London, Jan. 22: A crowd of tourists is sheltering from the drizzle underneath the awning of a multiplex cinema. It is Friday night in Leicester Square, central London, and the billboards above their heads are flashing with tantalising promises of films “coming soon”.

Inside, a member of staff stands in front of a row of shelves stacked with sweets and popcorn. The ticket seller sits gloomily in a glass-fronted booth, idly flicking through a magazine.

The rain eases off and the tourists move away. It seems that no one wants to go to the cinema tonight.

Nor, if the industry figures are to be believed, does anyone want to go to the cinema much any more. Figures released last week showed that audiences across Europe and America declined sharply in 2005.

On Friday, the cinema industry faces its biggest challenge yet: simultaneous release.

Steven Soderbergh, the Oscar-winning director of films such as Erin Brokovich and Traffic, is to distribute his new film in cinemas and on DVD within a week.

Bubble, a digitally shot film about a murder in a toy factory, is to be released in American cinemas on January 27. The DVD will arrive in shops four days later.

It might not sound like much of a revolution, but media commentators predict that the simultaneous release will prove “the death spiral of Hollywood”.

“It’s the biggest threat to the viability of the cinema industry today,” said John Fithian, the president of the National Association of Theatre Owners in America.

The threat is heightened by the film’s inversion of all the Hollywood norms.

Not only are the release dates almost simultaneous, but Bubble was filmed without any major stars on a shoestring budget of '905,000.

To compare, the budget for the recent blockbuster King Kong was '117 million. If Bubble proves popular, Hollywood’s film-making orthodoxy will have been turned inside out.

So perhaps it is not surprising that several cinema chains have pulled out of showing Soderbergh’s film, claiming that releasing the DVD within such a short space of time would cut into their profits and make it financially unviable.

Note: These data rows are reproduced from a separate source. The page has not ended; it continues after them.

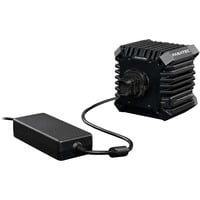 4030534003761 - Fanatec CSL DD QR2 (8 Nm) Lenkradbasis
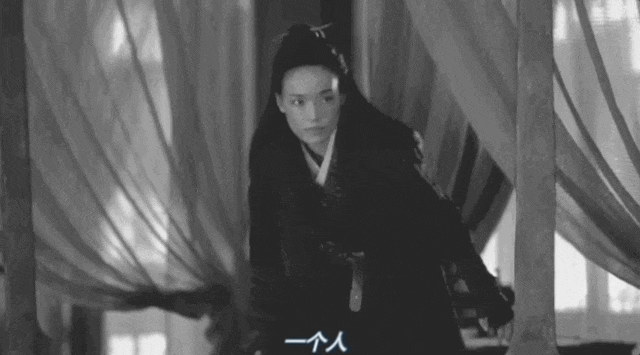 舒淇近照曝光堪比“整容”,网友炸锅:结婚8年她到底经历了什么?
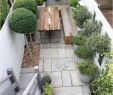 Vlies Garten Elegant Recycling Ideen Garten — Temobardz Home Blog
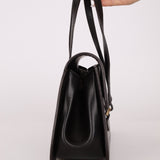 Celine 1990 Box Triomphe Baguette Bag - FashioNica
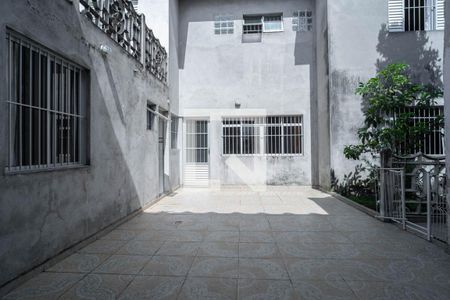 Casa à venda com 253m², 5 quartos e 2 vagasÁrea comum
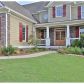 106 Pine Sandy Bank Dr, Canton, GA 30114 ID:15123090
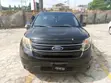 Ford Explorer 2012 Baki - 3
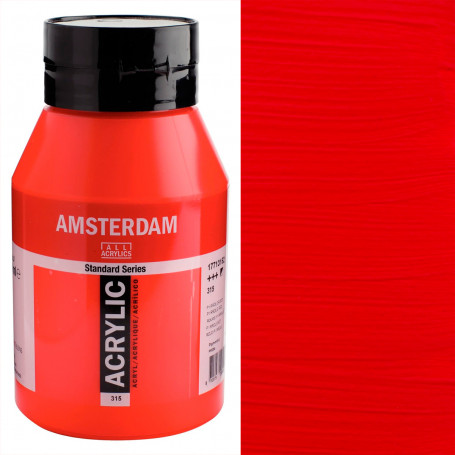 acrilico-amsterdam-serie-standard-1000-ml-talens-goya-rojo-pyrrole-315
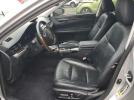 Lexus Es 350 Image 8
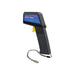 Faithfull Infrared Thermometer Faithfull - Town Tools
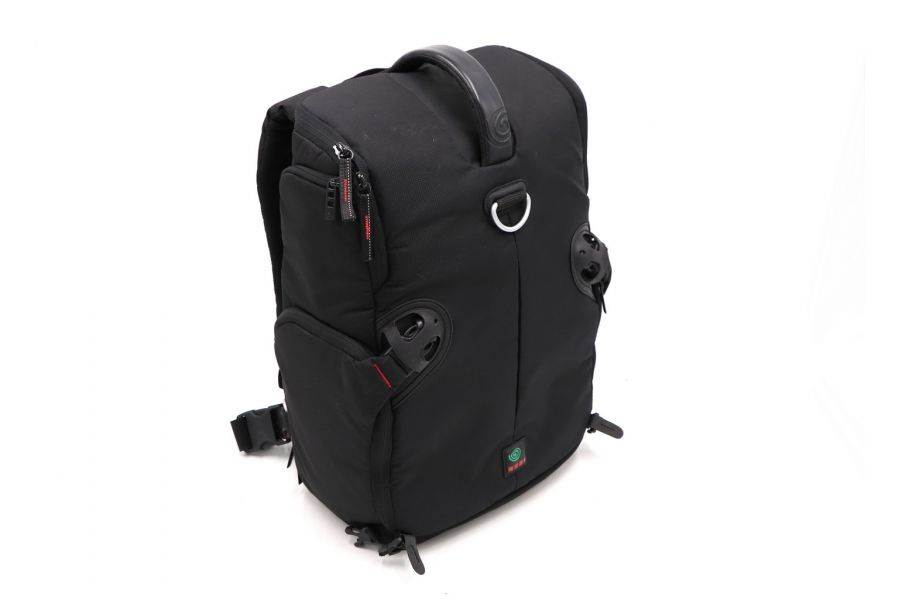 Фоторюкзак Kata 3N1-30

Traditionally, there has been a several-month delay, or “window”, separating a cinematic release from the release of the video or DVD. But that has been shortened. According to Soderbergh, the simultaneous release is a creative solution to this overlap.

“The technology is there. I think the desire on the part of consumers is there,” he says.

“It will teach us about how people make their choices, about what they want to see and what format they want to see it in. It’s a scary idea for the studios and for cinema owners, but instead of worrying about it you’ve got to go.”

As Soderbergh points out, the opportunity to watch a version of a newly released film in your home already exists: it is called piracy.

“Name any big-title movie in the last four years. It has been available in all formats on the day of release,” he said. “Simultaneous release is already here. We’re just trying to gain control over it.”

It remains to be seen whether that hard-won control will breathe new life into cinema audiences or whether it will end up bursting Hollywood’s bubble.